Fluid Grace at the first ever NCPA Contemporary Dance Festival...
November 11, 2011 12:00:00 AM IST MTG editorial
Mandeep Raikhy
Currently based in New Delhi, Mandeep started his professional career as a company member at the Danceworx Performing Arts Academy in 1999. In 2002, he moved to London to pursue a BA (Hons) degree in Dance Theatre at Laban, after which he immediately joined the Shobana Jeya Singh Dance Company. Ranging from Shobana Jeya Singh in London to Anusha Lall in New Delhi, his professional dance experience has been in contemporary movement vocabularies emerging out of experimentations with Bharatanatyam.
Anusha Lall
Anusha works in the field of classical dance and contemporary performance in New Delhi.

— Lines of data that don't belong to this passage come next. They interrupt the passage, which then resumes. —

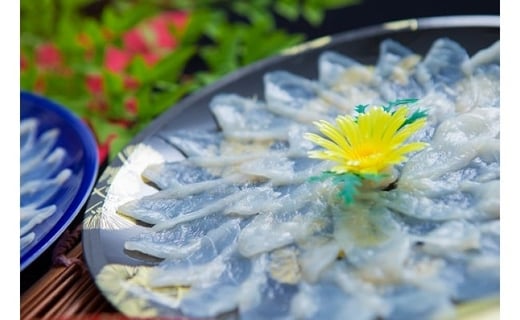 【淡路島3年とらふぐ】活てっさ(2～3人前)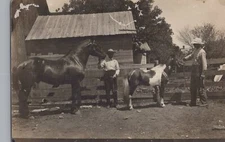 1910 Al Lafe Anderson Horses Greenleaf Kansas Barn RARE Photo RPPC Postcard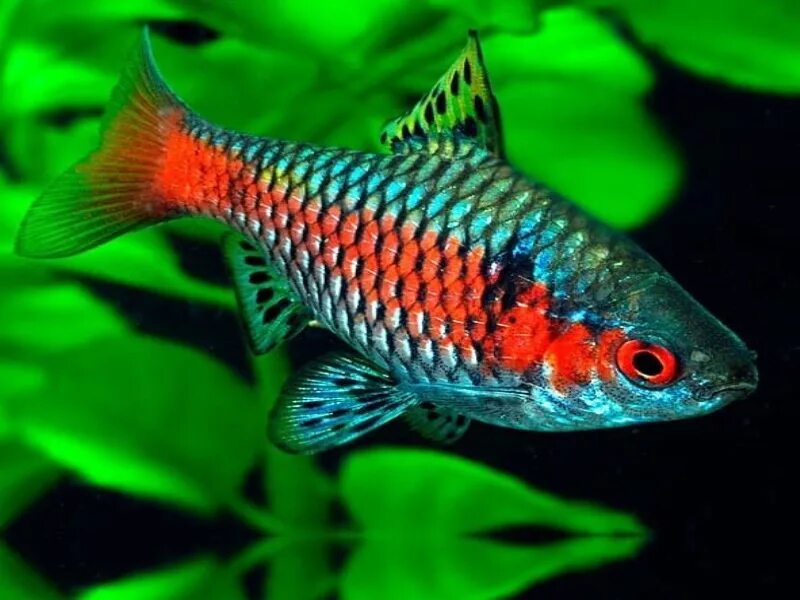 суматранский барбус аквариумная рыбка. барбусы аквариумные рыбки. рыбка барбус суматранский. барбус суматранский мутант. барбус огненный (puntius conchonius).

Anusha's interest in dance spans choreography, performance, teaching and research. Her recent choreographic works - Sambodhan, Vyuti and Tilt have been inspired from the movement vocabulary of Bharatanatyam and attempt to discover fresh dynamics and create new perspectives in the way that it is performed and viewed. Anusha collaborates with artists from other disciplines, such as theatre, video, architecture and sculpture to discover new impulses to create work. She is director and founder member of Gati, a Delhi-based forum for dance practice and research.
Astad Deboo
Today, Astad Deboo's name is synonymous with Contemporary Indian Dance, a style that he pioneered at a time when innovation in Indian dance was not easily accepted. His stunning signature style is characterised by intense focus, concentration, and technical virtuosity, along with a distinctively Indian aesthetic of evoking rasa. Even his most abstract dance has a lot of feeling in it and reaches his audience with profound emotional engagement. This multifaceted artist's accomplished solo, group, and collaborative choreography includes his work with the Manipuri thang-ta (martial arts), and pungcholam drum dancers in Rhythm Divine. His humanistic social vision has inspired his creative choreography over the past twenty years with the deaf-first with The Action Players (Dancing Dolphins) in Kolkata, and then with The Clarke School for the Deaf. His choreography entitled ContraPosition with the Clarke School has travelled across India, Southeast Asia, Europe and Australia. The Astad Deboo Foundation, formed in 2002, aims to provide creative training to both the able and the disabled, and to facilitate the artistic development of talented deaf dancers.
Navtej Johar
Navtej is a Bharatanatyam exponent and a choreographer, whose work is unique in that it freely traverses between the traditional and the avant-garde. Trained in Bharatanatyam at Kalakshetra, Chennai and with Leela Samson at the Shriram Bharatiya Kala Kendra, New Delhi, he also studied at the Department of Performance Studies, New York University. With performances at prestigious venues all over the world and several successful international collaborations to his name, Johar is today recognised as a cutting edge performer whose work is sensitive, compelling, evocative and layered. A recipient of the Times of India Fellowship, 1995, and the Charles Wallace Fellowship, 1999, Johar was the performance director of the Commonwealth Parade, for the Queen's Golden Jubilee Celebrations, at London, in June 2002.
Hiroshi Miyamoto
Hiroshi was born in Japan. After completing his bachelor of law degree from Hosei University in Tokyo, he moved to Canada to study dance. He was a student in the Performance Training Program at Main Dance in Vancouver, B.C. in 1995/1996, and a scholarship student of the Merce Cunningham Studio in Manhattan, N.Y. in 1998/2000. He is a co-founder and collective member of Green Tea - a collective of Japanese dancers in Toronto. He is also a collective member of 3M Dances. As a dancer, he has worked professionally in diverse styles and with numerous choreographers in Toronto and New York. He is a company member and rehearsal director of in DANCE/Hari Krishnan.